Operational planning is critical for the success of your integration business, so what is the best way to create an operating plan?

How to Create an Operating PlanIn Part 1 of this discussion, Operational Planning Turns Strategy into Execution, I made the assertion that the primary failure of most operating plans is a disconnect between the qualitative description of what we want to accomplish, and the quantitative results.

Here is a quick example I often come across in our industry.

An integration company will set revenue growth as an objective.  I ask the simple question, “How will you achieve that growth?”

Nine times out of ten, the answer is, “We’ll hire more salespeople.”

I then ask, “What is the typical revenue (not new orders booked) generated by your average first year hire?”

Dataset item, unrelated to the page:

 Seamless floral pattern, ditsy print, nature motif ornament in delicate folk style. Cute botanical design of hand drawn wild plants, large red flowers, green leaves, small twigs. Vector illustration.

I am then presented with all the reasons why these planned hires will be different, but the reality is adding more sales staff will rarely move the needle in revenue growth in their first year, regardless of the “book of business” they claim to bring with them.

This is one of the reasons why –


“You should look at your operating plan within the context of your multi-year strategic plan.” Joel Harris


It may be necessary to build out your sales staff to accomplish revenue growth. Just know it will benefit you in subsequent years, not the current year.

What I recommend is that you be brutally honest with yourself in asking,

“What will be the realistic quantitative result of this initiative?”


If you cannot quantitatively measure the desired result, your initiative is doomed to failure.

Step 1

What is the quantitative result your initiative will achieve in the planned timeline?

Each executive or department leader should be able to quantify the impact of the identified initiative, both in cost and reward.


Step 2

Take all your initiatives along with their budget impact – whether revenue increase/decrease, gross margin increase/decrease, and/or SG&A increase/decrease – and link them to prior year results.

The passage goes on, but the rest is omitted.